The F-35 Lightning II fighter jet flies during a public display at Luke Air Force Base near Phoenix, Arizona on March 17, 2018.
Contributor—NurPhoto/Getty Images
By Ian Bremmer
June 14, 2019
IDEAS
Bremmer is a foreign affairs columnist and editor-at-large at TIME.

What Happened This Week:

Back in 2017, Turkey agreed to purchase Russia’s advanced S-400 air defense missile system over the strong objections of both the US and NATO, of which Turkey is a member. Turkey has been adamant it will follow through with the purchase, and delivery of the missile system is expected in July. Late last week, the Pentagon announced that Turkey would be cut out from the F-35 fighter jet program unless it changed course; this week, the US House of Representatives passed a non-binding resolution condemning Turkey for its purchase and urged sanctions should the deal go through. Turkish President Recep Tayyip Erdogan reiterated this week that the purchase from Russia is a “done deal.

Why It Matters:

Because Turkey is taking concrete steps towards breaking ranks with the U.S.. Turkey has been a member of NATO for 67 years, and while relations between Washington and Ankara have been testy at times, it has been decades since they’ve shown this kind of genuine strain. Turkey seems determined to push the boundaries of the relationship, because not only are the Americans upset that Turkey decided to purchase weapons from perennial-NATO foe Russia (or that the missile system is incompatible with NATO systems), but the installation of the S-400 system will compromise American jets—the radar system on the S-400 can undermine the F-35’s stealth capabilities, and just as importantly, the installation of the system could give Russian military personnel a first-hand look at the vulnerabilities of the F-35. The Turkey purchase also represents yet another potential flashpoint between the U.S. and Russia, and should the deal be completed, it will arguably be Russia’s most tangible success sowing division among Western allies to date.

What Happens Next:

While Erdogan maintains that the S-400 purchase is no longer up for debate, there is a small chance that Turkey decides to delay the delivery to avoid the ire of Washington (though doing so would annoy Russia). But that seems unlikely at this point; the US will officially cut Turkey from the F-35 program on July 31 or when Turkey accepts delivery of the missile system, whichever comes first. Meanwhile, the US will begin the process of sanctioning Turkey under the Countering America’s Adversaries Through Sanctions Act (CAATSA). As of this writing, it’s an open question of how severe US sanctions will be. The most draconian option for Washington would be to broadly hit the still-fragile Turkish economy and jeopardize Turkey’s access on IMF financing, but it’s more likely that the sanctions will target the Turkish military’s procurement division. At the upcoming G20 meeting in Japan, it will be critical to watch the meeting between Erdogan and Trump. We should have a better sense of where things stand by end of June.

Another thing worth paying attention to: where Turkey places the S-400 systems, which are mobile.
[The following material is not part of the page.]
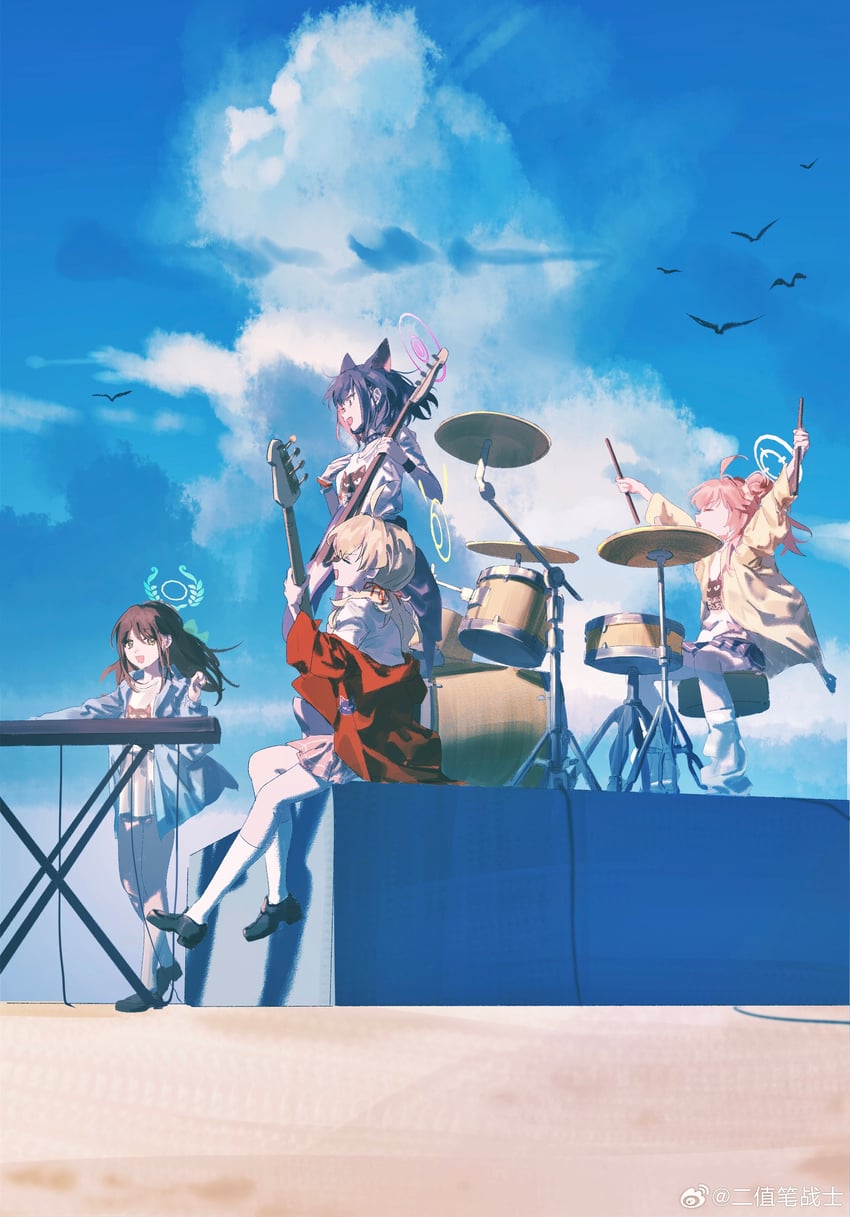kazusa, natsu, airi, and yoshimi (blue archive) drawn by yu-y_(824412)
If it places the systems near the Mediterranean in defense of North Cyprus, it could stoke tensions with both Greece and the Republic of Cyprus, and by extension the E.U. If Turkey stations the defense systems by the American air base in Incirlik, it would represent a threat to American aircraft and would be seen as a major provocation against the US. So major, in fact, that it could cause the US to abandon Incirlik all together, one of its most important bases in the region.

The Key Fact That Explains It:

Turkey has the second-largest military force in NATO. So it’s not just its geostrategic location that matters here—a NATO without Turkey is a weaker NATO overall. But here’s the thing: there is no mechanism for suspending or expelling a country from NATO. Which means NATO is heading into uncharted territory.
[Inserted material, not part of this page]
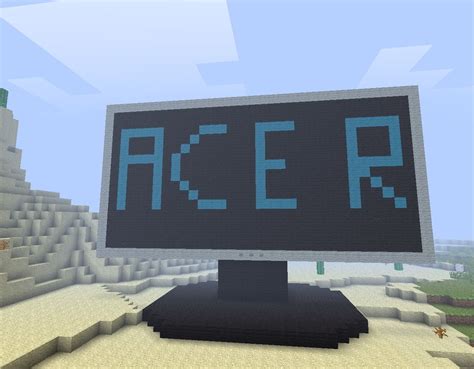 Toradh íomhá ar Monitor Minecraft Build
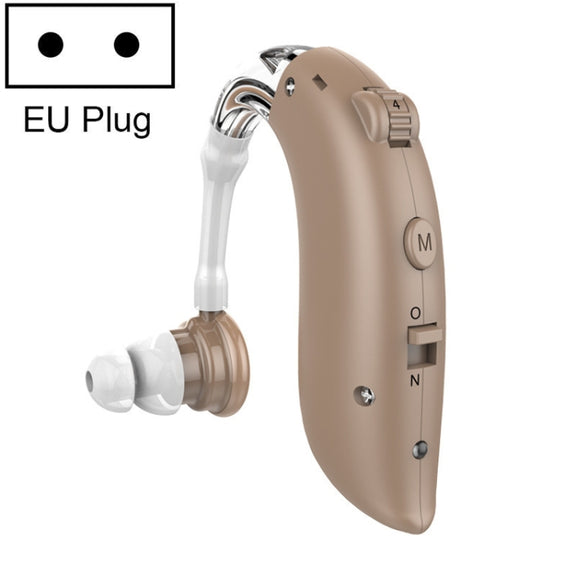 GM-105 Smart Noise Cancelling Ear-hook Rechargeable Elderly Hearing Aids, Spec: EU Plug(Skin Color)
The Key Quote That Sums It All Up:

General Tod Wolters, NATO’s Supreme Allied Commander Europe: “We are not interested in sharing the capabilities of our F-35 with Russia.”
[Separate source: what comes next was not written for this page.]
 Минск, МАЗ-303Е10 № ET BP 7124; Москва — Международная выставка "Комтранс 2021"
The One Major Misconception About It:

That Turkey is the only one taking the economic hits throughout this drama. Turkish manufacturers produce 937 parts for the F-35, and if they get cut from the program, Lockheed Martin—the company that builds F-35—will need to find a different source for those parts and could delay delivery to other customers by up to two years.

The One Thing to Say About It at a Dinner Party:

Condemnation for Turkey over the S-400 purchase is one of the few foreign policy issues that has bipartisan support in Congress as well as support from the White House. Hard to say if that reflects worse on the US or on Turkey.